Steve Friggin Harvey... This dude has made a lot of money exploiting the fears of black women with so-so-advice.
I thought his book was a decent read when I skimmed through it the first time. He had a lot of true stuff in there. But remember what I wrote about Honesty yesterday in another entry? Honesty isn't honest unless its REAL. And Steve Harvey's advice is not REAL.

He proposes a 90-day waiting period before giving any new dude the draws. That SOUNDS like a good idea, especially if you don't have any waiting period at all. But if you really want to get married, you might really need to make a guy show you who he is (and vice versa) before you start doing things like getting attached through sex.

Can you really get to know a man in 90 days? 90 days ago was Halloween. Did you meet anyone at a Halloween party? Do you KNOW this ninja like that? NOPE.
You may be getting to know him, but you really, honestly, don't know shit about him. He could be married, have kids, live in another city... all sorts of stuff you don't find out when the "representatives" are talking to each other. Even if you've spent every single one of those 90 days together, you don't KNOW him. You know you like him. But you don't know him and he damn sure doesn't know you well enough to know if you're a woman he'd be willing to commit to. Sooooooo 90 days ain't enough.

Not if you want to be taken seriously at least.

Let's go to the advice he gave on the show. I'll skip his Captain-ass line about how old men didn't train new men to be men. *Spit*

This dude told these women...


Hold on I need to compose myself for this..


This clown told these women the answer to their problem is the DATE OLDER MEN.

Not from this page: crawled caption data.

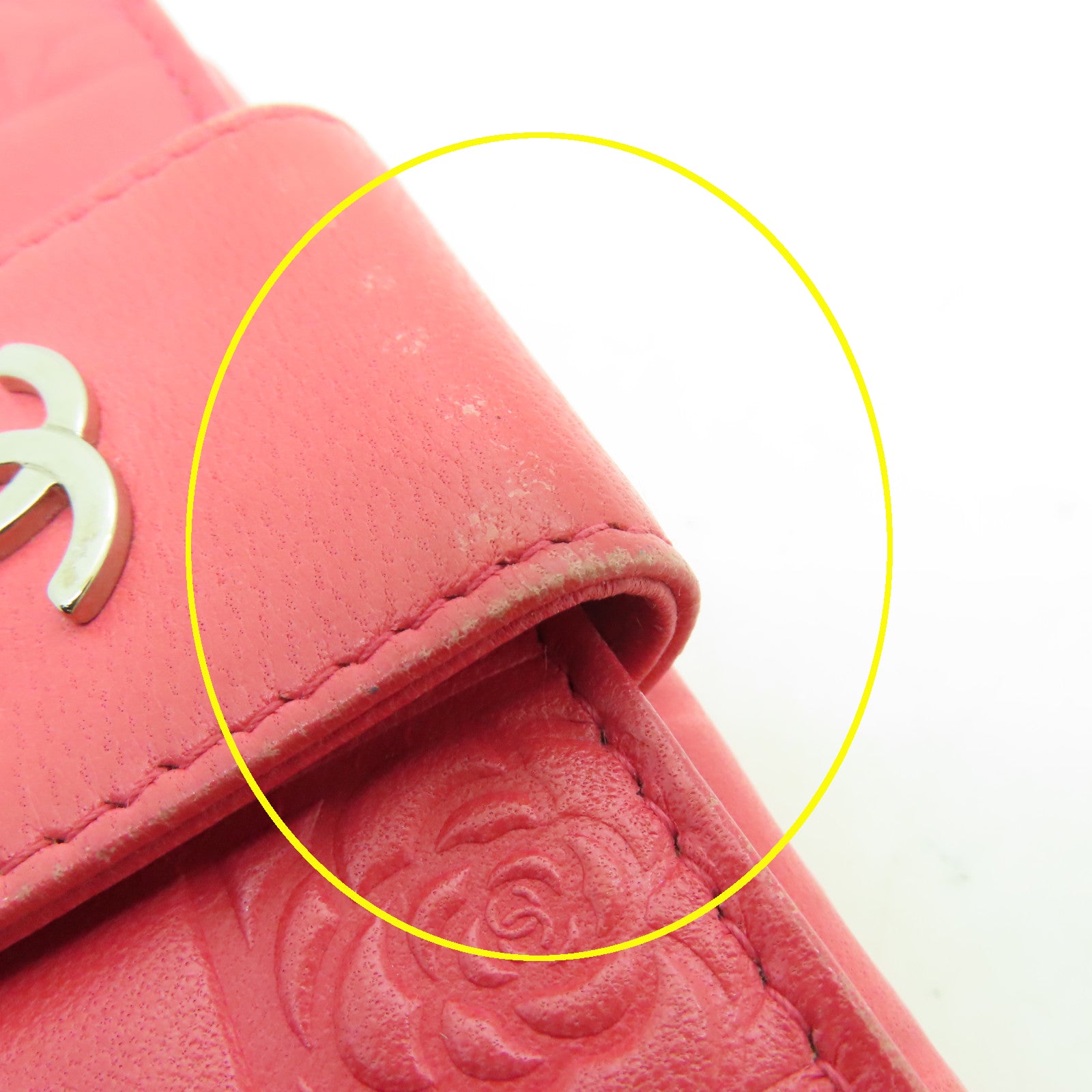 CHANEL 【激減優惠】牛皮皮革Wallet銀扣錢包粉紅色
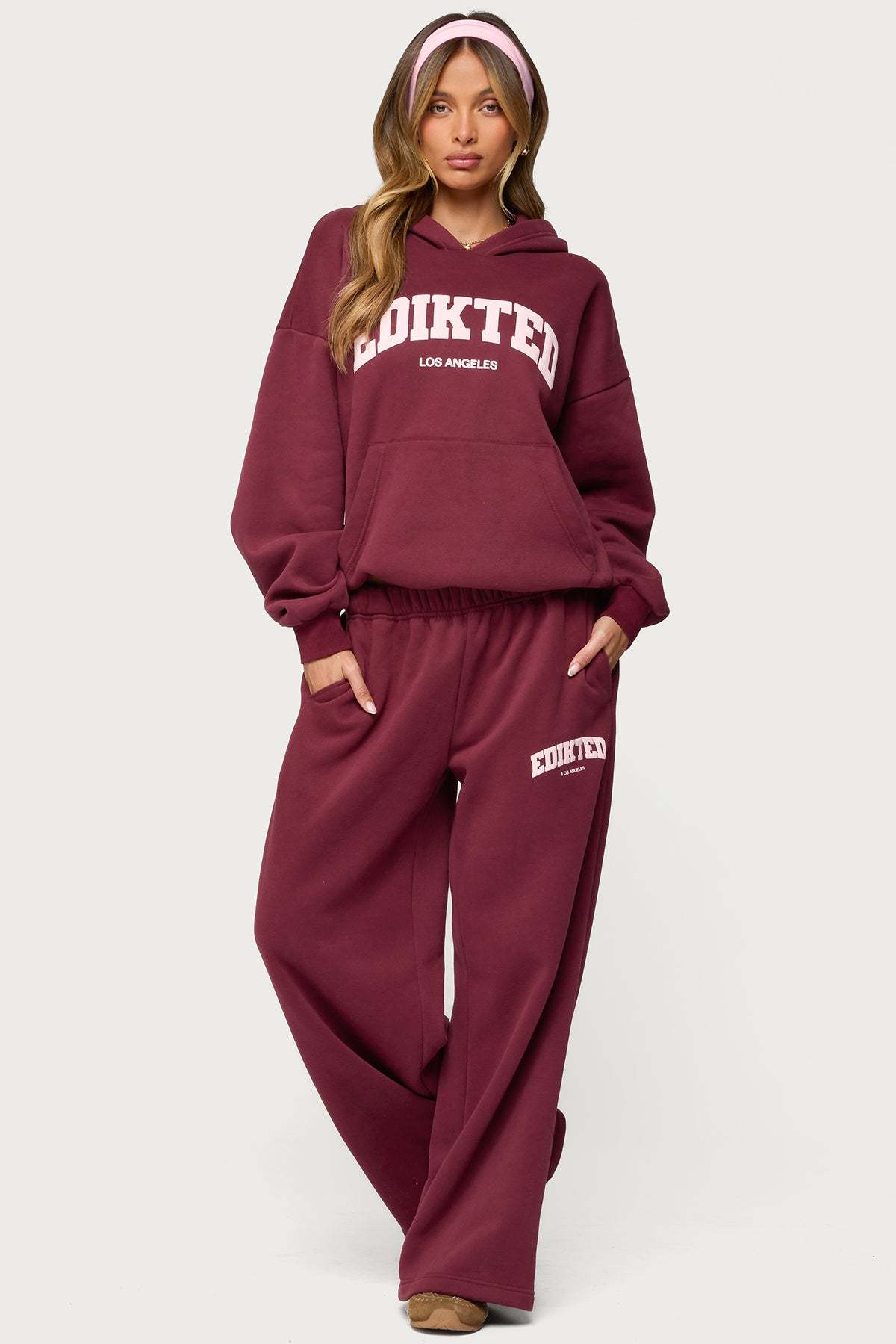 Edikted LA Sweatpants - BURGUNDY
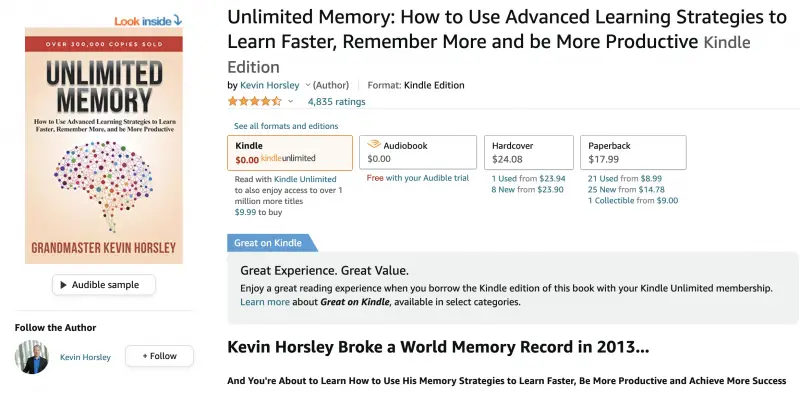 Unlimited Memory Amazon book Unlimited Memory Amazon book image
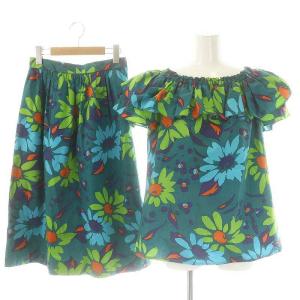 diffusion femme セットアップ フリルカットソー フレアスカート M L 緑 マルチカラー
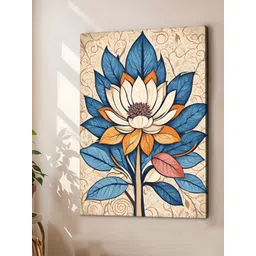 Art Street Blue & Beige Floral Printed Canvas Wall Art-picture-10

If you're 34, an "older" man technically isn't 35 he's 40. So... let's look at that.

You mean to tell me that the best candidate for her to get at is the never-married guy who's 40?

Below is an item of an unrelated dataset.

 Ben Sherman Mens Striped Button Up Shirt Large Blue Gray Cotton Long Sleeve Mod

The one who's been GETTING IT IN NONSTOP FOR 20 YEARS STRAIGHT and just recently decided he even wants kids.

Great advice. Send her to Guantanamo why don't you. At least there, she'll get food and water.

That's HORRIBLE advice. Absolutely horrible. I can't even express it in words. I'll be 30 really really soon. My salaries have gone up pretty decently since I finished college and got my MBA in 04. I have no real reason to not expect more increase, and I could also start my own thing and make REAL cash. By the time I get to be 40, I should be Balling Out of Control in ways unimaginable to me at the age of 18.

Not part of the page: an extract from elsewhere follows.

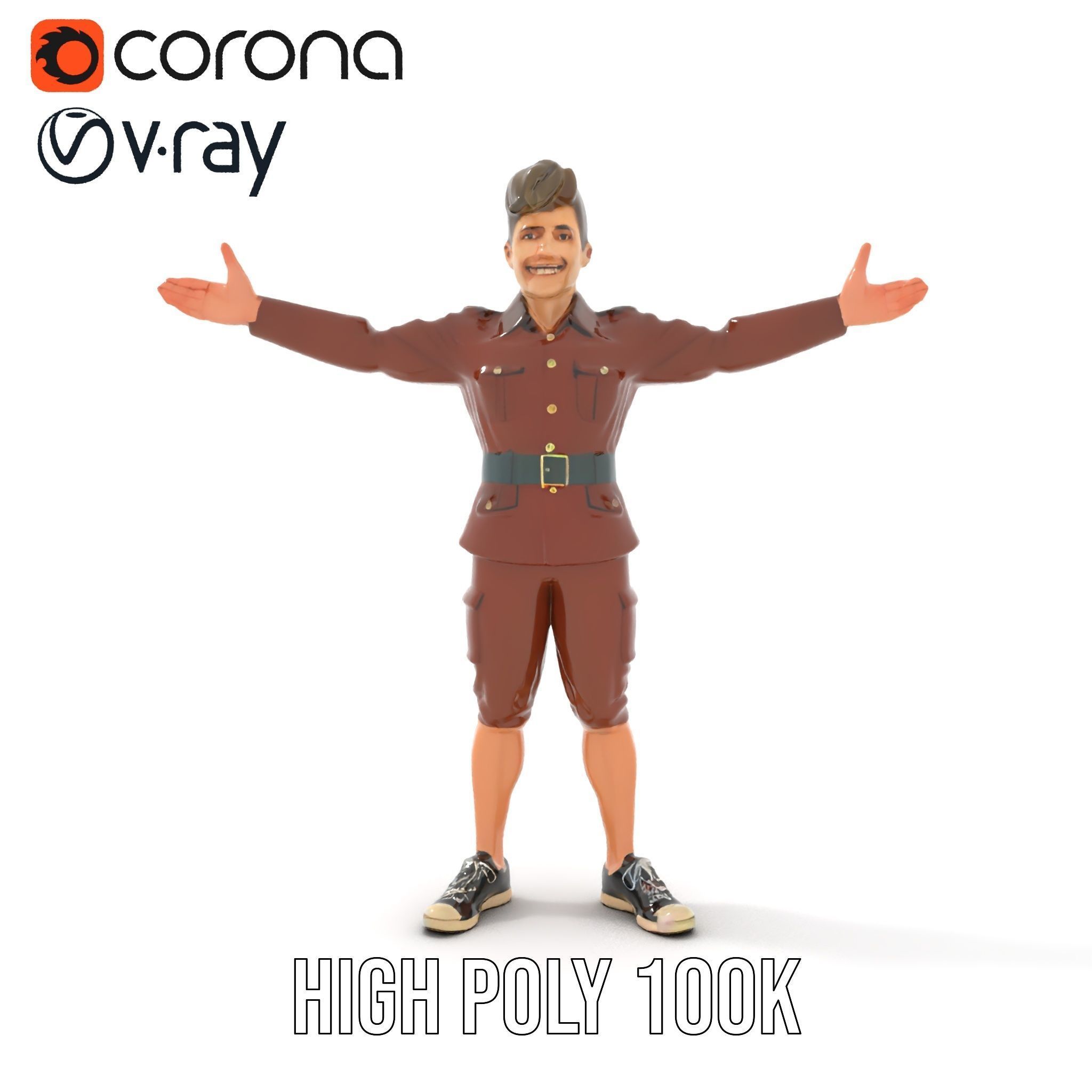 Animated D Character Model in Brown Uniform  Rigged and Animated Low-poly 3D model_23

And that's what the "older" man represents. He doesn't represent "maturity". Unless you consider maturity to be some formula where after a man has been with a certain number of women, he plateaus and wants to settle down (as if that were OK). It doesn't work that way. Men come to the realization that they want a family at different ages. I have friends who got married out of high school and are still together. I have friends who got married "in love" freshman year of college and broke up, friends who got married right after college and are still together and some aren't, etc. The "ready for a family" thing isn't a product of age. I know dudes who wanted to be a dad at 17!!!

So what benefit does a man who's 40 provide over one who is 35? Life experience? More time to get bitter over whack women? It just doesn't work like that.
Even the really really really focused man who wanted to be into his career real hard - if The One showed up, he'd take a week off to get married and go right back to his office after the ceremony. That's how it works. What a dumb piece of advice.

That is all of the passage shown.